• [Work order]: Pictures in the records below must be left out. Return exactly the lines from the line with "Apple Silicon Klockarmband" to the line with "KEK Amsterdam Children's", both included.

• [Exercise data]:
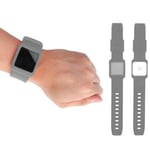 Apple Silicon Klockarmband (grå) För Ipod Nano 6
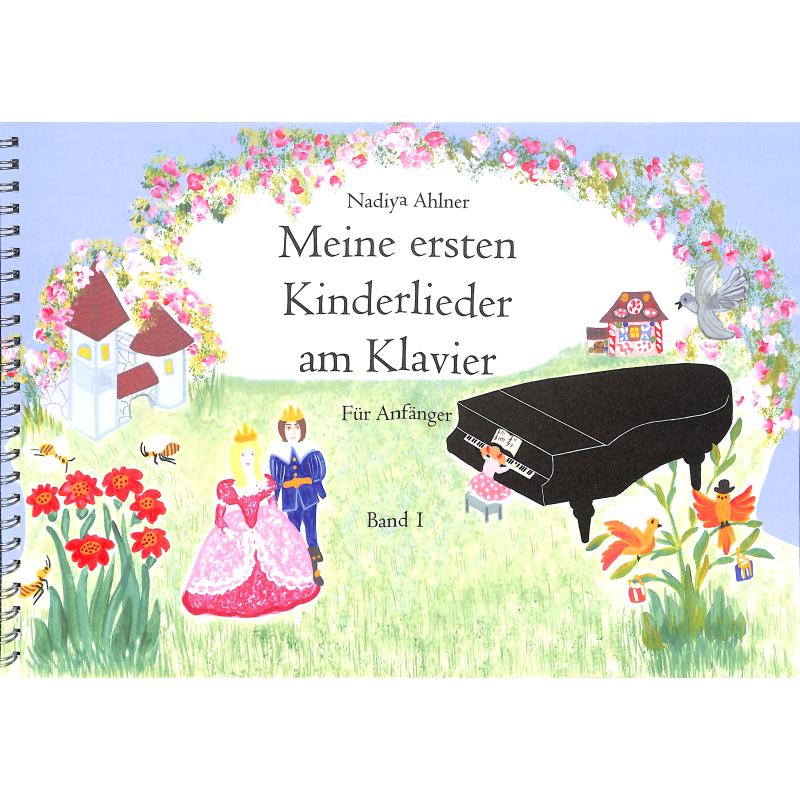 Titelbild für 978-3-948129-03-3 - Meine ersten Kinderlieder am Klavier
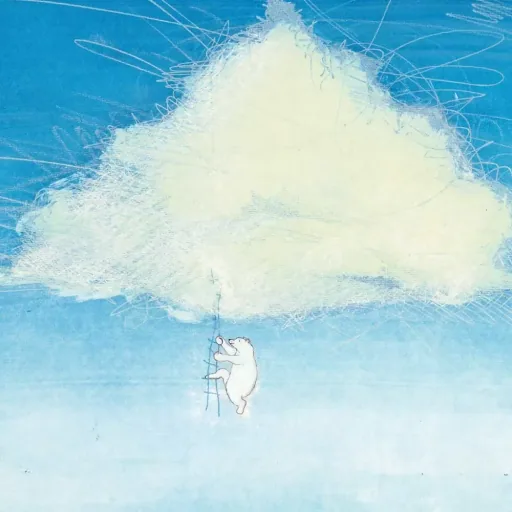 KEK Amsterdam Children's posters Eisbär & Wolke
* * *
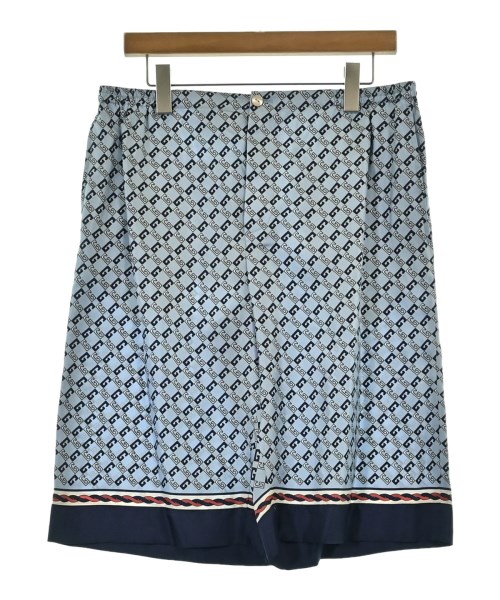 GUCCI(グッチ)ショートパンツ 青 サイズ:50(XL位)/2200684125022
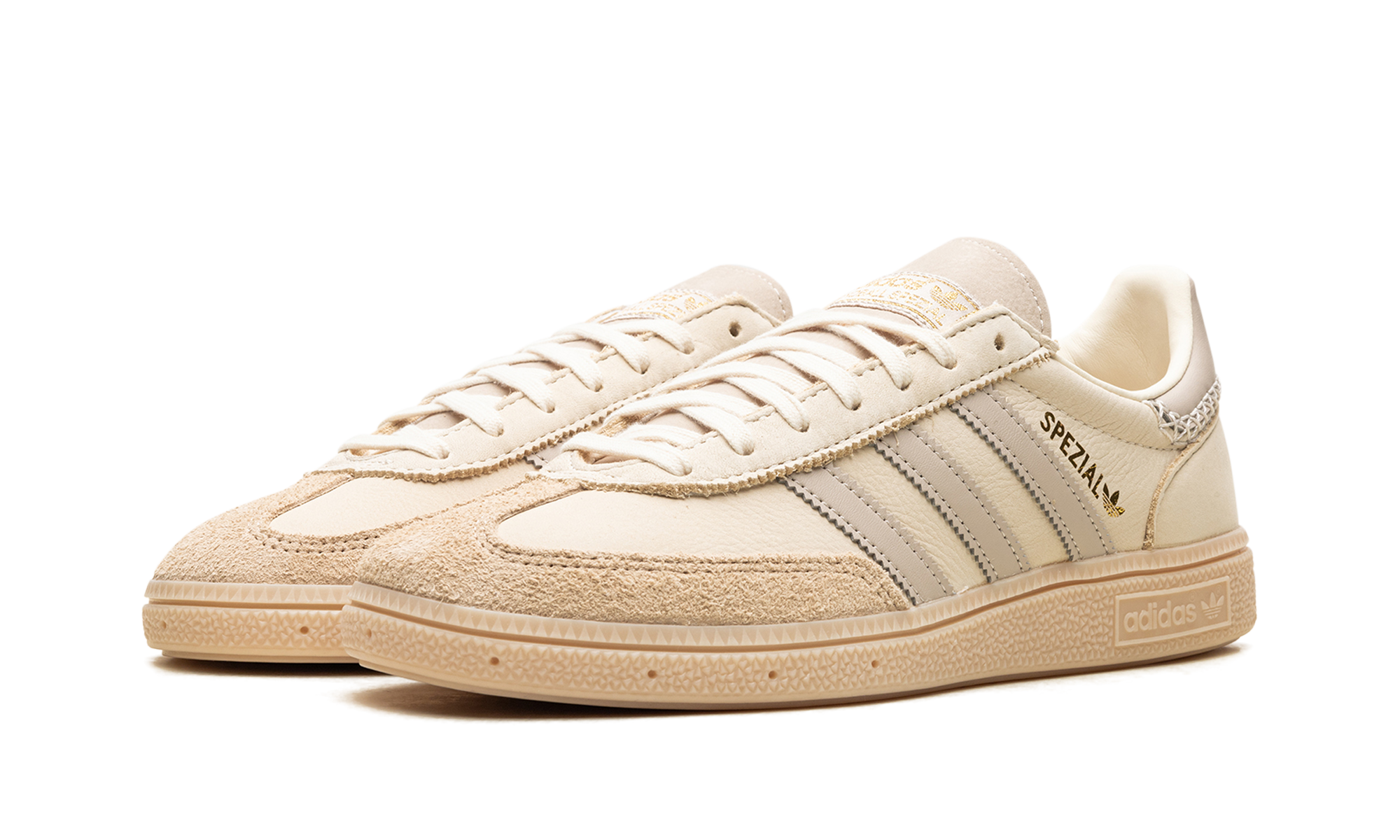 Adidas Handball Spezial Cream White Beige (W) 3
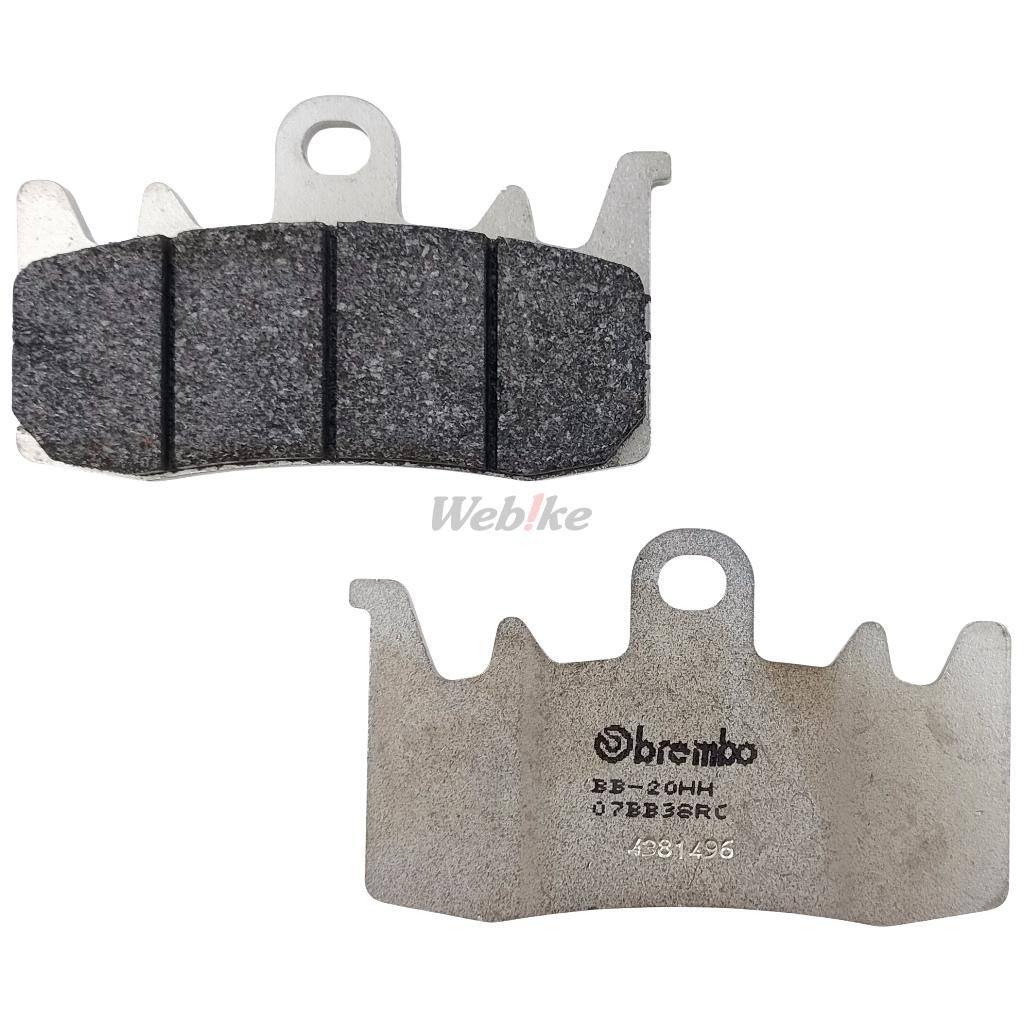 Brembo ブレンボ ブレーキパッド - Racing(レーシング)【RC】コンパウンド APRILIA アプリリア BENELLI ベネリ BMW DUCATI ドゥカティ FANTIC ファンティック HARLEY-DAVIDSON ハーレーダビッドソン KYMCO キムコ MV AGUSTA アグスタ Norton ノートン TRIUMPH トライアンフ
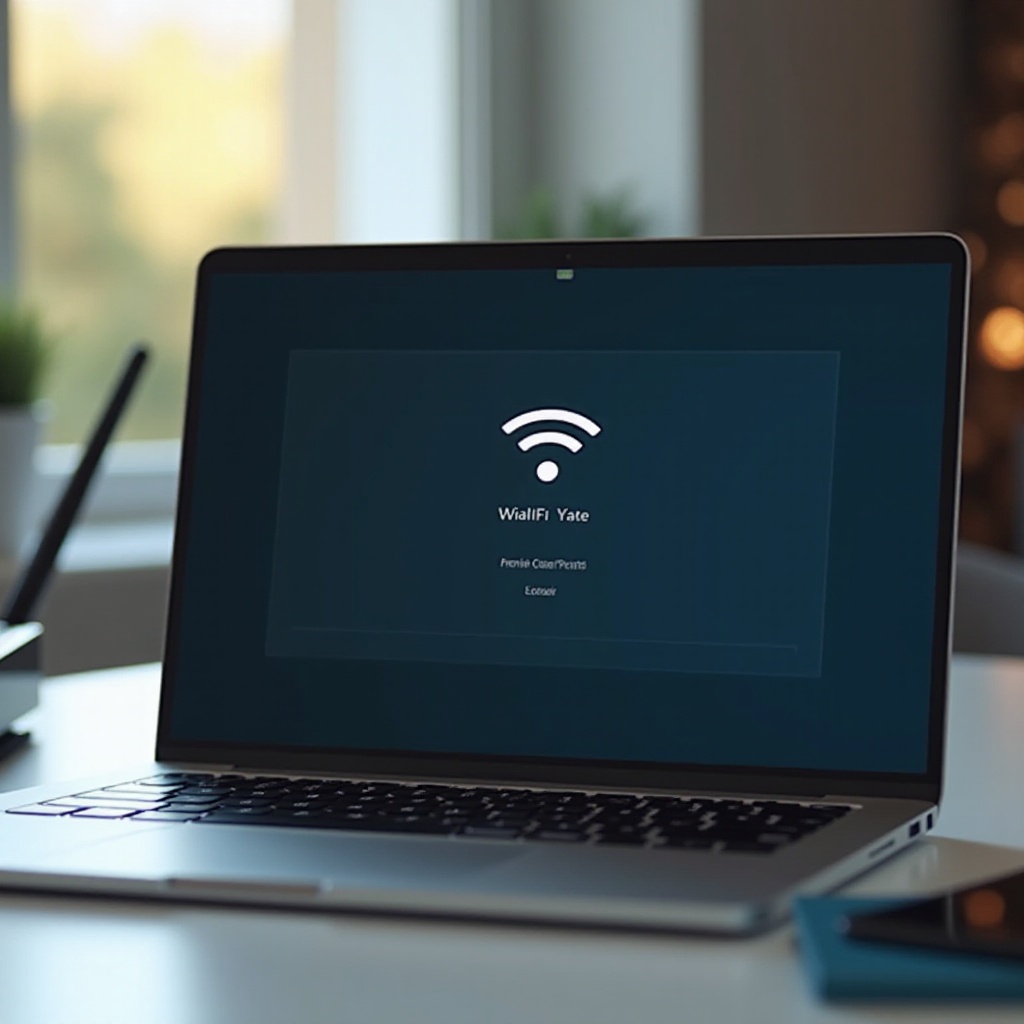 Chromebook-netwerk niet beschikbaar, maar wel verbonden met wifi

• [Response]:
 Apple Silicon Klockarmband (grå) För Ipod Nano 6
 Titelbild für 978-3-948129-03-3 - Meine ersten Kinderlieder am Klavier
 KEK Amsterdam Children's posters Eisbär & Wolke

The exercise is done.